A partir de 1966, alors que le courant s'essouffle, les hard mods entendent revenir aux origines du mouvement. Adeptes des musiques noires, ils s'inspirent du style des rude boys jamaïcains, arborant lunettes noires et chapeau pork pie. (3) Néanmoins, le mouvement périclite. LSD et marijuana supplantent le speed, tandis que la vague psychédélique portée par les hippies contribue également au déclin du courant mod. Cette scène survit néanmoins plus longtemps dans le nord de l'Angleterre autour des clubs soul tels le Casino à Wigan ou le Torch à Stoke. En 1979, on assiste même à un revival mod dans le sillage de The Jam, dont le troisième album s'intitule d'ailleurs All the mod cons ("tout le confort moderne"). Paul Weller, chanteur et leader du groupe, parvient à faire une synthèse entre l'urgence punk et les mélodies soul comme sur Down in the tubestation at midnight. La même année, les Who publient Quadrophenia, un opéra rock racontant l'histoire du mouvement mod au travers des aventures de Jimmy le Mod.

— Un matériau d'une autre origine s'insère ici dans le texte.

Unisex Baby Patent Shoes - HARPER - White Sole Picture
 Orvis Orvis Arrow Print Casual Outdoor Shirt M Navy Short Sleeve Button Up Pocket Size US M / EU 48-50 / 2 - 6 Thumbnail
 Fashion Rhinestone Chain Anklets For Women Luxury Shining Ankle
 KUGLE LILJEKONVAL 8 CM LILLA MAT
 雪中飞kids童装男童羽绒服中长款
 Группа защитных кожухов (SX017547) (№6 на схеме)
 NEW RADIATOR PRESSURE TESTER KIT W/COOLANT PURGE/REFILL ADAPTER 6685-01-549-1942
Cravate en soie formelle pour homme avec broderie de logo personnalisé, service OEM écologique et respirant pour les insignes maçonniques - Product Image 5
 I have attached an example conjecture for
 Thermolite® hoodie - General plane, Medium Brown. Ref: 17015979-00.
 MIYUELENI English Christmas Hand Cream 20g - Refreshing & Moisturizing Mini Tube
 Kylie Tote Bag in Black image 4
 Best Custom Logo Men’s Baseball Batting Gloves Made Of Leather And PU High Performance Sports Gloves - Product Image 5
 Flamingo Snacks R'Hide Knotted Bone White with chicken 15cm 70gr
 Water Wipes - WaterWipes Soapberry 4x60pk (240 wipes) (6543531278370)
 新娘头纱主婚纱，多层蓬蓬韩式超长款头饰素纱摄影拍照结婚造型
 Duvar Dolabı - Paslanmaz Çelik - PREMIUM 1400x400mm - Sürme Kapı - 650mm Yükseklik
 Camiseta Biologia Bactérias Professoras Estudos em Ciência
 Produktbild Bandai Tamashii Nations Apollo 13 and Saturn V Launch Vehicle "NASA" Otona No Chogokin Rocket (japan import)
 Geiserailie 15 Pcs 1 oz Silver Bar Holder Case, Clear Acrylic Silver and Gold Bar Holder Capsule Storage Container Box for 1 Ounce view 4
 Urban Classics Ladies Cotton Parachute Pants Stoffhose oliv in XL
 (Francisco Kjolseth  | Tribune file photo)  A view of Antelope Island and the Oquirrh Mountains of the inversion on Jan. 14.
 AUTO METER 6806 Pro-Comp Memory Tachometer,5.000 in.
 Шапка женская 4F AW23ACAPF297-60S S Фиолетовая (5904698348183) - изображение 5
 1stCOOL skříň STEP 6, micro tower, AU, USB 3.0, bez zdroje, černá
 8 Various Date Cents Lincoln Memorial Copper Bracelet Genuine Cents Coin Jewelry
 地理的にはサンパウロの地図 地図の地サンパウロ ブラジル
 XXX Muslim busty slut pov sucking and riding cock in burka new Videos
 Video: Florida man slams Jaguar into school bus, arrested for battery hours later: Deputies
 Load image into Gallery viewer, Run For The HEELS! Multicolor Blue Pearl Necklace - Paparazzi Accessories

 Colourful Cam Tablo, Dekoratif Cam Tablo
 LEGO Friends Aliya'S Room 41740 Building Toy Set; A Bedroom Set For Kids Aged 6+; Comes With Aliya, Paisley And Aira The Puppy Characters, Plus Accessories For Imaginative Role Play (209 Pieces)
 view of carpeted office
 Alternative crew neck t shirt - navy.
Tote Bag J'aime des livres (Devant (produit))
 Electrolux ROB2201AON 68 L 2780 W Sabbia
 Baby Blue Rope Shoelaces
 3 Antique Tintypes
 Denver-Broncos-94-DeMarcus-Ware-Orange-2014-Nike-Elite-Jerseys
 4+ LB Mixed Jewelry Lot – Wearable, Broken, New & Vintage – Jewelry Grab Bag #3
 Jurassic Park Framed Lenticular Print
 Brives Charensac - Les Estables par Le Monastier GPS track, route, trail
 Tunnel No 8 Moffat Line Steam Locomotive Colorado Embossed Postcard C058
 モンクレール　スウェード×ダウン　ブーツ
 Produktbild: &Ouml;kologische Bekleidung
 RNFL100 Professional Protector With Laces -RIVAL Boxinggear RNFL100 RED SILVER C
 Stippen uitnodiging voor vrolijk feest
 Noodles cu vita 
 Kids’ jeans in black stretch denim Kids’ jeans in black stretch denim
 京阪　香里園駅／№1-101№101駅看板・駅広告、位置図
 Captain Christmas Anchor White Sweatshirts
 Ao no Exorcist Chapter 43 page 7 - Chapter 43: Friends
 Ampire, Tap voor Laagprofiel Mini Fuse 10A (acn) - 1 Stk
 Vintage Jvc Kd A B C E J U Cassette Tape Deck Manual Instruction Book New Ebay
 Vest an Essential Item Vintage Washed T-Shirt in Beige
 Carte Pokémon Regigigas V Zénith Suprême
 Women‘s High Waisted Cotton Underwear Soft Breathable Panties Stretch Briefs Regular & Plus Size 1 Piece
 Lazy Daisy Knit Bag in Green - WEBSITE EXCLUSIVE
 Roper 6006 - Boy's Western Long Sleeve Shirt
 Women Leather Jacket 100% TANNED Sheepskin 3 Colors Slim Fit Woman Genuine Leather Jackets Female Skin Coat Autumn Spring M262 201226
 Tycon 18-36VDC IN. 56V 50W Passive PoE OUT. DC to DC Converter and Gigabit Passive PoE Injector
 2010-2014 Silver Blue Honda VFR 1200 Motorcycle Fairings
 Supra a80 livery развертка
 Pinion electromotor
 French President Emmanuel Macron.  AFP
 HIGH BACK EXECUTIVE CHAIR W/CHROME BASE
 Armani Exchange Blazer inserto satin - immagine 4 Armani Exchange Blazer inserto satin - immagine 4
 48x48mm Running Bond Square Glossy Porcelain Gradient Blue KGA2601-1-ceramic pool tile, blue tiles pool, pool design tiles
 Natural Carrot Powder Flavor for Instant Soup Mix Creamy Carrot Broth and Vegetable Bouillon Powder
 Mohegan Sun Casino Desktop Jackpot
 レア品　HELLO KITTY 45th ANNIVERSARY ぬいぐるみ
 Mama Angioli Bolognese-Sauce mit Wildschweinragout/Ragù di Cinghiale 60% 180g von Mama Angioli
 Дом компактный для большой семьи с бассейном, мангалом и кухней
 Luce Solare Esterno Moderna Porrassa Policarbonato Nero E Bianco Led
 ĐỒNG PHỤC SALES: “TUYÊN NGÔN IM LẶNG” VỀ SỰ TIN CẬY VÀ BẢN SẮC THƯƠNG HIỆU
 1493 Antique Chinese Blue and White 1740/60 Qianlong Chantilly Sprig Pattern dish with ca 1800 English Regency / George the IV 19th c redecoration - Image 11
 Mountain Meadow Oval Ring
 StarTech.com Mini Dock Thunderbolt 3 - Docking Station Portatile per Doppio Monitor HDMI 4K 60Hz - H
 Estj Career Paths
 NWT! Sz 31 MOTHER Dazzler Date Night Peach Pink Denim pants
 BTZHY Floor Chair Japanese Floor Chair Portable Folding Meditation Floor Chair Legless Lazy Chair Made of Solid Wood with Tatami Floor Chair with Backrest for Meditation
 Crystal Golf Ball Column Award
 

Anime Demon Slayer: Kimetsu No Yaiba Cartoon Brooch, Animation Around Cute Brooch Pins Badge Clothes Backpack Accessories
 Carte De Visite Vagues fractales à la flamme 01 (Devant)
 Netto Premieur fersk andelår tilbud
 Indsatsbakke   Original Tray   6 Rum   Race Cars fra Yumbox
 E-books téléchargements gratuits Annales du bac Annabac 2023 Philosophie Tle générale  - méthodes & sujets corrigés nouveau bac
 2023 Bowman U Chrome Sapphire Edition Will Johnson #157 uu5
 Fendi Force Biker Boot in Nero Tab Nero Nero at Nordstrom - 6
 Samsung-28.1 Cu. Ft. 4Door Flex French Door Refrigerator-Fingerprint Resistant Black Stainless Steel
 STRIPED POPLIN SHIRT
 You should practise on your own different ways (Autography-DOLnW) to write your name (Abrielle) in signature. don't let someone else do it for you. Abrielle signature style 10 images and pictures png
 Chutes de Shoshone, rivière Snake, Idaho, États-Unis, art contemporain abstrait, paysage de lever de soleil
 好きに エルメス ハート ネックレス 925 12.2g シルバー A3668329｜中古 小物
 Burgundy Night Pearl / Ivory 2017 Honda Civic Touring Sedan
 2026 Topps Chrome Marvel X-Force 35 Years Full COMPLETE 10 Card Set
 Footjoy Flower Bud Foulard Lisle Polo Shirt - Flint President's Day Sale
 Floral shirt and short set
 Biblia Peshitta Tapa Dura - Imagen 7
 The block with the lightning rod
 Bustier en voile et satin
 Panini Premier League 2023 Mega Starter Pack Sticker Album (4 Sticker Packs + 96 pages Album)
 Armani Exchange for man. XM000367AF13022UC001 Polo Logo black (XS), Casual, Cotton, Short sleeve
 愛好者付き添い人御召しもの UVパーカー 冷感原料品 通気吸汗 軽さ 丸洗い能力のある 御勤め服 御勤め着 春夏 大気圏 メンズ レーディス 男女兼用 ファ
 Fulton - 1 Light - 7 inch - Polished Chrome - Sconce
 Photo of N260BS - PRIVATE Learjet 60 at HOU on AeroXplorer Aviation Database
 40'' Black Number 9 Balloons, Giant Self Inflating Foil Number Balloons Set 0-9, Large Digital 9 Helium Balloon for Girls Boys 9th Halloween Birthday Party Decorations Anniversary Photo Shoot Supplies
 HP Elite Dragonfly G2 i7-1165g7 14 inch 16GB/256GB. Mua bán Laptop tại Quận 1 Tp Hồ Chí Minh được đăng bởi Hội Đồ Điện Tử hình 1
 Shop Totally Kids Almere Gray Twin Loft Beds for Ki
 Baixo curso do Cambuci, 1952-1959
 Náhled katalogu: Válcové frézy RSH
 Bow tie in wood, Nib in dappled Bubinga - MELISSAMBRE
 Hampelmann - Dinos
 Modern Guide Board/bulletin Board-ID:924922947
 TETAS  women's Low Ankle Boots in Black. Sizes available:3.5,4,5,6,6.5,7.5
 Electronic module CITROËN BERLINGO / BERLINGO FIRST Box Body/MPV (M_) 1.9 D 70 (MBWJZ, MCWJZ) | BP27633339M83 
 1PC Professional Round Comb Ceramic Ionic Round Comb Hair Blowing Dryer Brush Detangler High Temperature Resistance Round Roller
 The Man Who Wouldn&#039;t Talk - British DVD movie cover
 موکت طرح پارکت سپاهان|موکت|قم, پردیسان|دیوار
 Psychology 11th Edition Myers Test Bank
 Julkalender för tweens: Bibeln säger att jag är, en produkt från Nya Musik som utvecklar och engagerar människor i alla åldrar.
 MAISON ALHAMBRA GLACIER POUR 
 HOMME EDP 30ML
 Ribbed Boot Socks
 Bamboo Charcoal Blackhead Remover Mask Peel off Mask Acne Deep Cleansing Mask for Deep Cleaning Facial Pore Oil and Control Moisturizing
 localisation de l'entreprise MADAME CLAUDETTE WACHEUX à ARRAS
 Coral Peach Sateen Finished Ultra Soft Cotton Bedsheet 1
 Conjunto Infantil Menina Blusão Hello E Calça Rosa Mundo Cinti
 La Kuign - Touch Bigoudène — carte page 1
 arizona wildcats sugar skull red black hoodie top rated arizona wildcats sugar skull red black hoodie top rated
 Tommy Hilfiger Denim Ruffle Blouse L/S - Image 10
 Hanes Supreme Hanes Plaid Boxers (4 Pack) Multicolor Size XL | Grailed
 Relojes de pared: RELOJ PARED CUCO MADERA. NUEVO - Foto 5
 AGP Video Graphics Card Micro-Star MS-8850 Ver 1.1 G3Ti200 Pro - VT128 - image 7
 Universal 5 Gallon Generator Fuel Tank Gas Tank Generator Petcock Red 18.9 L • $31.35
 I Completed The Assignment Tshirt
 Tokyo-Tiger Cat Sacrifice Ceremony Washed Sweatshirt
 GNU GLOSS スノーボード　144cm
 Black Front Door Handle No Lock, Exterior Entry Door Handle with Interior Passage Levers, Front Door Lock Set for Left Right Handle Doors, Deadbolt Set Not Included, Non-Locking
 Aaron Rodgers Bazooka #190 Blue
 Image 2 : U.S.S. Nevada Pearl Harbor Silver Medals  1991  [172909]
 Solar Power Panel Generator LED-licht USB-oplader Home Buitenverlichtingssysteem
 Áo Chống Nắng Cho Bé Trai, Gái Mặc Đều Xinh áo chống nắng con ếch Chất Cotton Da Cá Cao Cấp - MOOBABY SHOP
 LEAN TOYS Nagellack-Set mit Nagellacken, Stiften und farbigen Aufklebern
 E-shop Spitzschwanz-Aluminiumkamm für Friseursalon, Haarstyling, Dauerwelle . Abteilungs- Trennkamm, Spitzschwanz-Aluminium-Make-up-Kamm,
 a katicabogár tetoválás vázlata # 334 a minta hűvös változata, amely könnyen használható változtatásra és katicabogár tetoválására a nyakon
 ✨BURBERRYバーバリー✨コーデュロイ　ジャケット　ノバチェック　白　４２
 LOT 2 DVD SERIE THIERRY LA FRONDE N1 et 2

Si le mouvement mod n'a guère duré, l'empreinte laissée est profonde. Ses adeptes ont cultivé une fière identité prolétarienne, profondément marquée par l'insularité britannique. Certes, le revival mod ne dure guère, mais des groupes apparus bien plus tard tels qu'Oasis, Blur ou The Coral témoignent de la persistance et du profond enracinement de ce mouvement au sein de la culture musicale britannique.
Notes:
1. Le film Quadrophenia, tiré en 1979 du concept album des Who, renforce le mythe en mélangeant fiction et réalité.
2. Les créateurs de mode londoniens (Mary Quant) s'inspirent des innovations stylistiques des mods pour alimenter le goût du jour.
3. Peu à peu, le hard mod devient le skinhead avec rangers, jeans avec le bas retourné, chemise rayée, bretelles et cheveux ras.
Sources:
A. Neuvième épisode de la série de David Herschel "Histoire du rock" consacré aux Mod's.
B. "Génération Mods : au nom du style", émission Juke-Box sur France Culture
C. Yves Bigot et Mischka Assayas: "Mod" dans le tome II du Nouveau Dictionnaire du rock, éditions Robert Laffont, 2014.
D. Paolo Hewitt : "Mods, une anthologie : speed, vespas & rythm'n'blues", 2011, Editions Payot & Rivages.
E. Documentaire Mods vs rockers de Kamel diffusé sur Arte.